*** Begin section ***

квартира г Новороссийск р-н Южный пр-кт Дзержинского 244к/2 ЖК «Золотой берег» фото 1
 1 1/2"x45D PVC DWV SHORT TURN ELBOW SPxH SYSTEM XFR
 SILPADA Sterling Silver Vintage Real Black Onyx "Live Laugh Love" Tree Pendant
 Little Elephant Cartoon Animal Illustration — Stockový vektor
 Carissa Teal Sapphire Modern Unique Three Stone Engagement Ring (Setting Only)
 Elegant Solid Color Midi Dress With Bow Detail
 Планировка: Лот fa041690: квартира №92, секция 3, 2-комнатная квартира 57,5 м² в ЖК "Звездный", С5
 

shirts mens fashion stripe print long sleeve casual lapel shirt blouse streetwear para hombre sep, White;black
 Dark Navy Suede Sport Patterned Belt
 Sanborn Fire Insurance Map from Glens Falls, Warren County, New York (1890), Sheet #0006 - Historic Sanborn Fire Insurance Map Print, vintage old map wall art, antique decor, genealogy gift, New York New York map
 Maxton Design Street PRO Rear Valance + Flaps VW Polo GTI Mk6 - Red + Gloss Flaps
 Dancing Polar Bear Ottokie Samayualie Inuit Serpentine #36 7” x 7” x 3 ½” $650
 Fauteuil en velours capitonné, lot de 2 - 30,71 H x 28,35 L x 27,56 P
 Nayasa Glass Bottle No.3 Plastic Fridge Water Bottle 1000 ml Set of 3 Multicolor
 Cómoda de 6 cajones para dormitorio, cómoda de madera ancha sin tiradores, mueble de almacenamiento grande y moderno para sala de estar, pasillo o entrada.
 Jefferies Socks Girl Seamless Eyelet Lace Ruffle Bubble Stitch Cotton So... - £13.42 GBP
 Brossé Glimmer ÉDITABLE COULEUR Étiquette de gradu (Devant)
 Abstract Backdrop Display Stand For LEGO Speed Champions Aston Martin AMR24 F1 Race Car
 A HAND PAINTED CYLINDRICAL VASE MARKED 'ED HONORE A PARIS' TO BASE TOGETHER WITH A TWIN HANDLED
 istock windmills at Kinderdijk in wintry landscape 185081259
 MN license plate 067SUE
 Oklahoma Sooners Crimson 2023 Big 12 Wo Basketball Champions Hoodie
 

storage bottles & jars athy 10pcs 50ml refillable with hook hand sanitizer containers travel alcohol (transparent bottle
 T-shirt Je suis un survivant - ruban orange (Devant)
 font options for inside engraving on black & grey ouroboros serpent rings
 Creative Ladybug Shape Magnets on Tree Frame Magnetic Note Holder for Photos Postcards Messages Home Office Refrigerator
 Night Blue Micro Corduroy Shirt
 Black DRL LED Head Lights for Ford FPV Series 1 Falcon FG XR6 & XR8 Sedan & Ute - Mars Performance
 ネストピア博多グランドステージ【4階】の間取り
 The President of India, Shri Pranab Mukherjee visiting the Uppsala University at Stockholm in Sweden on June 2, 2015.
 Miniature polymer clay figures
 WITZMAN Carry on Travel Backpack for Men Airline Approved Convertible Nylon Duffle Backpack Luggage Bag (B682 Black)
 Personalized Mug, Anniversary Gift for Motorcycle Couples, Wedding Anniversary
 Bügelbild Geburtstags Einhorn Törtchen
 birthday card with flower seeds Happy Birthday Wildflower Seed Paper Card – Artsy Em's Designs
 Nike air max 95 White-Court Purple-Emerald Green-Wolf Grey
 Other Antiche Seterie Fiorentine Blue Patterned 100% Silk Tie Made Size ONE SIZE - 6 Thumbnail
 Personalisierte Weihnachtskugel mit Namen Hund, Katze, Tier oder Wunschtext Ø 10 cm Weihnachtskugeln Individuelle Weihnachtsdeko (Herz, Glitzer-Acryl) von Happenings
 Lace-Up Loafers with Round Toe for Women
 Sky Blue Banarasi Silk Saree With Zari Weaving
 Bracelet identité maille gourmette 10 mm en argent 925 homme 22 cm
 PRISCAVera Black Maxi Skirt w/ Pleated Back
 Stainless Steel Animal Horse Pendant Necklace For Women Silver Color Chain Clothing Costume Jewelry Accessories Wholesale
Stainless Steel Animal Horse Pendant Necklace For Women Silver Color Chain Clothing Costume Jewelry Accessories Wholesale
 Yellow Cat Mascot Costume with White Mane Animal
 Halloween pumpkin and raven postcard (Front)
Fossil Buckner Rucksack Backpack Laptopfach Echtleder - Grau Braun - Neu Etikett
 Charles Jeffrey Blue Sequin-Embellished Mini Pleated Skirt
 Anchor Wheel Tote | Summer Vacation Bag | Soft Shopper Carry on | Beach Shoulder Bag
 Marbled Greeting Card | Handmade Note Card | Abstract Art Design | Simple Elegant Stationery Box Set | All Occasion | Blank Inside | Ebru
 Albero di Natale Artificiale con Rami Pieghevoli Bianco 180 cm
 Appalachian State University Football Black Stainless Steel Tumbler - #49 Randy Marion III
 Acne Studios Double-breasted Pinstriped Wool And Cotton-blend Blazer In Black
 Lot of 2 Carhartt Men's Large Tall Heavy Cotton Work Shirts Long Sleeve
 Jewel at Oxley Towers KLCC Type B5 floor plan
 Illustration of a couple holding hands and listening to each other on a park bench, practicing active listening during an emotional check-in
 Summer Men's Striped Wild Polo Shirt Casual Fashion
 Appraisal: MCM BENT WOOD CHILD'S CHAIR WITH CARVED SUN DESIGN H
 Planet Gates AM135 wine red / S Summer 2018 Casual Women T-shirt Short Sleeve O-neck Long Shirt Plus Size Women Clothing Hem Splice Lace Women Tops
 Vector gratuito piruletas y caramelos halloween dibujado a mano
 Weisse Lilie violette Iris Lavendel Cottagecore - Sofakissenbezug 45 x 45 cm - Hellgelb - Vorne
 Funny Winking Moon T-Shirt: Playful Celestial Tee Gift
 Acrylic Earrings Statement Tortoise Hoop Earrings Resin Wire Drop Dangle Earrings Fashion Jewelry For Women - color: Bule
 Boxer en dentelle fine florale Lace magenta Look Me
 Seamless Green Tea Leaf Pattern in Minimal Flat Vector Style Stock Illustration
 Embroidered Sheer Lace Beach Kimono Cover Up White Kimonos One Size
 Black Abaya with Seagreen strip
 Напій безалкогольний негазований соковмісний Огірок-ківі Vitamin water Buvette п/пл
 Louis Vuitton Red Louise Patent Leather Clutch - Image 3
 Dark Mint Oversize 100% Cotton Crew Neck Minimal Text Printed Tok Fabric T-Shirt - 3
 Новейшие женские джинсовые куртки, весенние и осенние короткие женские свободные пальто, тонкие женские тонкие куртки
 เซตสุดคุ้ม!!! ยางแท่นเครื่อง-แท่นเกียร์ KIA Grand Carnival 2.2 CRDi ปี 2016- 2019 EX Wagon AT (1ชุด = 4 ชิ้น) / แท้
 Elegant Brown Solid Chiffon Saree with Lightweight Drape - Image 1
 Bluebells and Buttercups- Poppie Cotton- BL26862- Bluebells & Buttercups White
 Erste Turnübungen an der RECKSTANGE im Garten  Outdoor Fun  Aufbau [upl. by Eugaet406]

*** End section ***

_Your instructions_
Answer with the exact lines running from the one that contains "Funny Winking Moon" through the last line of the data. Include no other line.

_Answer section_
 Funny Winking Moon T-Shirt: Playful Celestial Tee Gift
 Acrylic Earrings Statement Tortoise Hoop Earrings Resin Wire Drop Dangle Earrings Fashion Jewelry For Women - color: Bule
 Boxer en dentelle fine florale Lace magenta Look Me
 Seamless Green Tea Leaf Pattern in Minimal Flat Vector Style Stock Illustration
 Embroidered Sheer Lace Beach Kimono Cover Up White Kimonos One Size
 Black Abaya with Seagreen strip
 Напій безалкогольний негазований соковмісний Огірок-ківі Vitamin water Buvette п/пл
 Louis Vuitton Red Louise Patent Leather Clutch - Image 3
 Dark Mint Oversize 100% Cotton Crew Neck Minimal Text Printed Tok Fabric T-Shirt - 3
 Новейшие женские джинсовые куртки, весенние и осенние короткие женские свободные пальто, тонкие женские тонкие куртки
 เซตสุดคุ้ม!!! ยางแท่นเครื่อง-แท่นเกียร์ KIA Grand Carnival 2.2 CRDi ปี 2016- 2019 EX Wagon AT (1ชุด = 4 ชิ้น) / แท้
 Elegant Brown Solid Chiffon Saree with Lightweight Drape - Image 1
 Bluebells and Buttercups- Poppie Cotton- BL26862- Bluebells & Buttercups White
 Erste Turnübungen an der RECKSTANGE im Garten  Outdoor Fun  Aufbau [upl. by Eugaet406]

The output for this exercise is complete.